I'm not sure when it happened. I had set up a miniature nativity scene on my kitchen table; it was complete with a little stable, sheep, a donkey, wise men, Joseph, Mary, and of course the baby in the manger. But somehow, in my hurry and flurry, when I was cleaning I must have thrown the baby out! I couldn't find him anywhere! So what good is a nativity scene without the baby?
I rearranged the scene and instead of the having the characters looking down at the Prince of Peace I positioned them so that they were all looking anxiously around the table for the lost baby. Looking at the chaos on my table I was reminded of the prophecy in Isaiah, "See, the virgin will become pregnant and give birth to a son, and they will name Him Emmanuel, which is translated, "God is with us."
As I thought about what this means I was reminded of something that had happened earlier this year. I was confronted by a situation that overwhelmed me. I saw no solution. I felt afraid. As I began to pray I heard in my spirit the words from Isaiah, "Do not fear, for I am with you." I turned my thoughts away from the situation that brought me anxiety and focused instead on Emmanuel.
In the intimacy of prayer I heard His voice, "Do not be dismayed, for I am your God. I will strengthen you and help you; I will uphold you with my righteous right hand." I felt my weakness exchanged for His strength, my fear was replaced by His peace.
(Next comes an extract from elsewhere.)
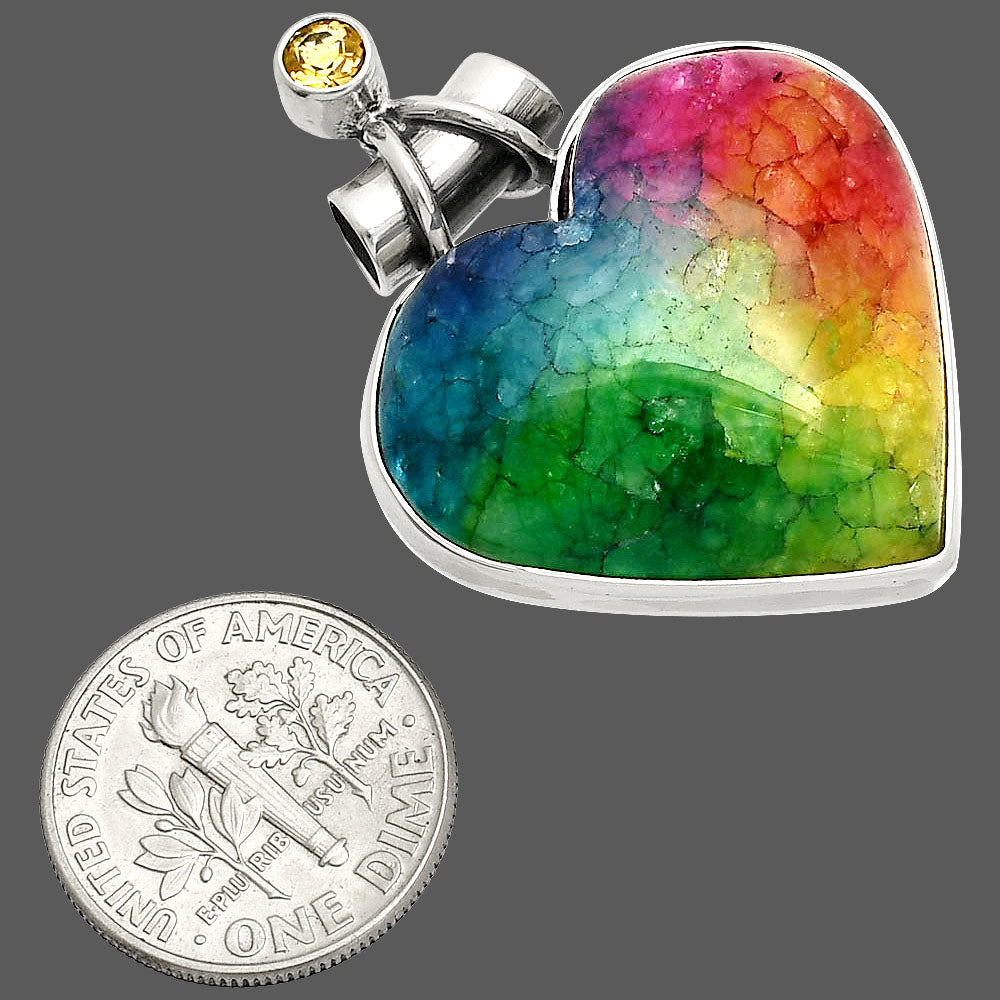 Heart - Multi Solar Quartz & Citrine Pendant P-1159 SDP149818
Sometimes I have a level of anxiety that comes with the Christmas season. It's a feeling of being incomplete, not enough. The missing baby in the manger caused me to pause and reflect on what it means to have an ever present God. A God who was, who is, and who is coming again. It caused me to think about the Almighty God who is the Prince of Peace who came as a shepherd to find me. I was the one lost, not Him. As I meditate on this truth I hear deep in my spirit, "Do not be afraid, I am with you."